Try it: Transcribe the full listing below, word for word, without pictures.

Dataset section:
════════════════

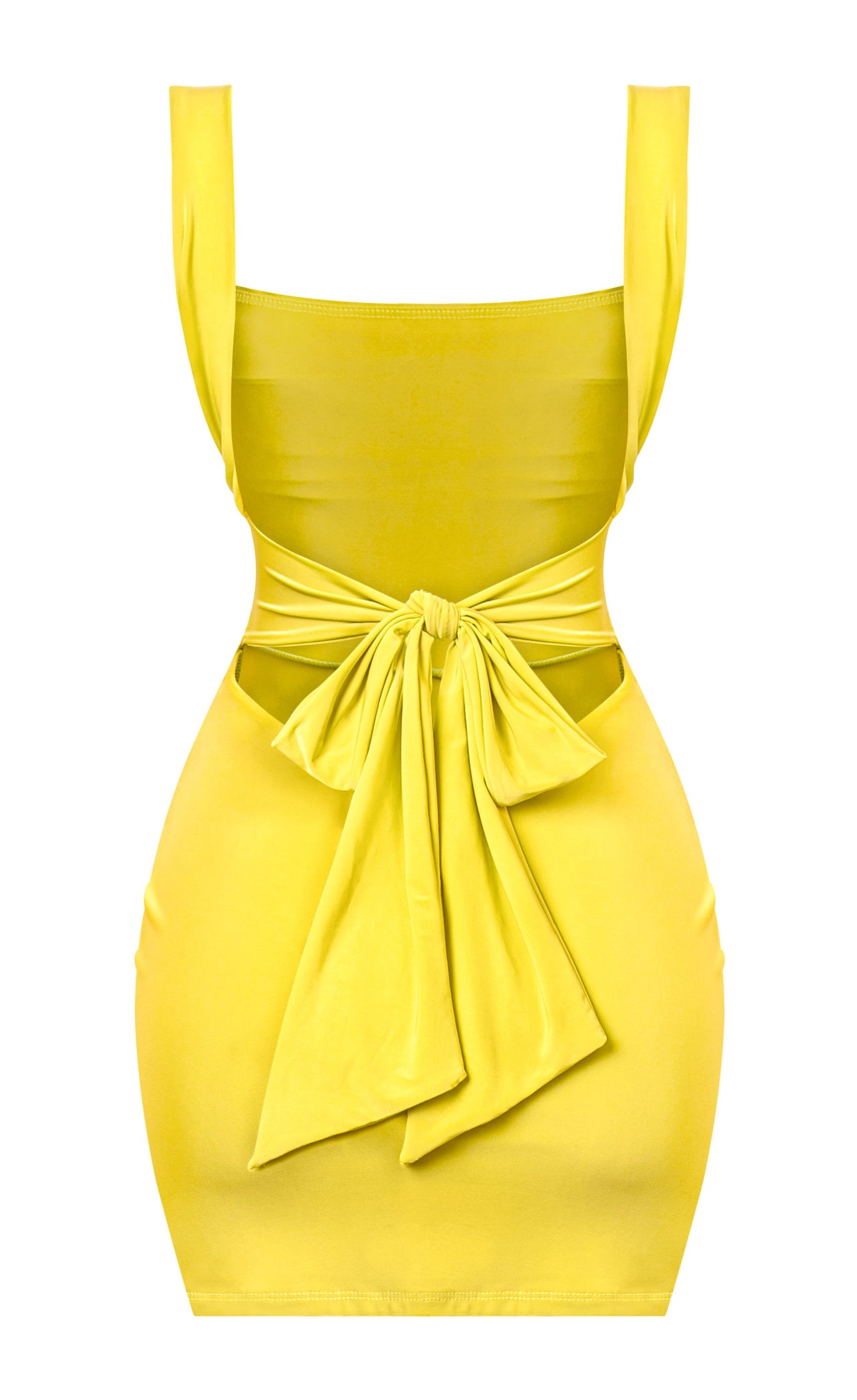 Naylea Slip Square Neck Mini Dress (Yellow)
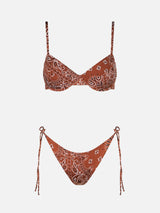 Damen-Bralette-Bikini mit Bandana-Print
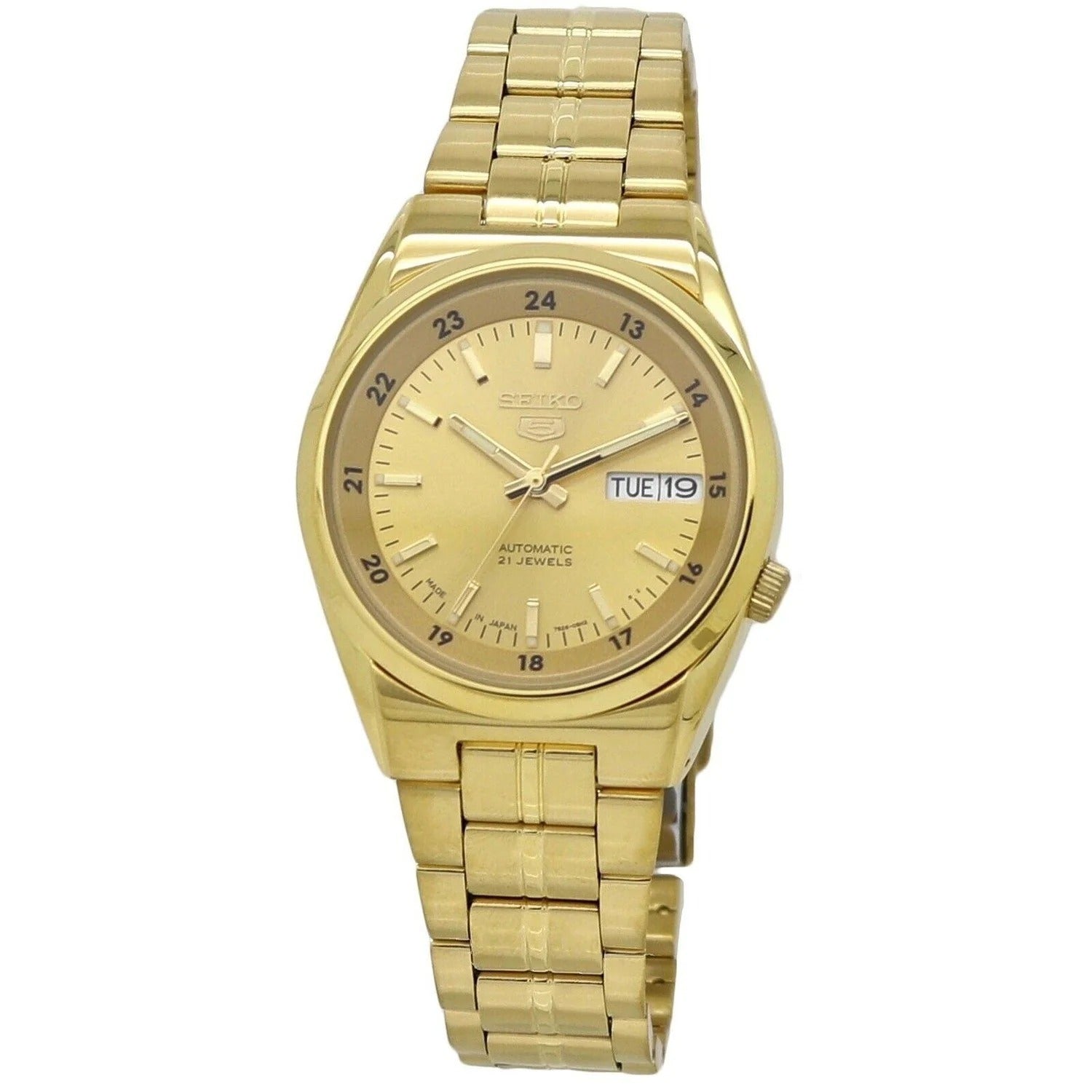 A gold-colored Seiko watch with a stainless steel band and a gold dial, showcasing a analog wristwatch.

════════════════

Result:
 Naylea Slip Square Neck Mini Dress (Yellow)
 Damen-Bralette-Bikini mit Bandana-Print
 A gold-colored Seiko watch with a stainless steel band and a gold dial, showcasing a analog wristwatch.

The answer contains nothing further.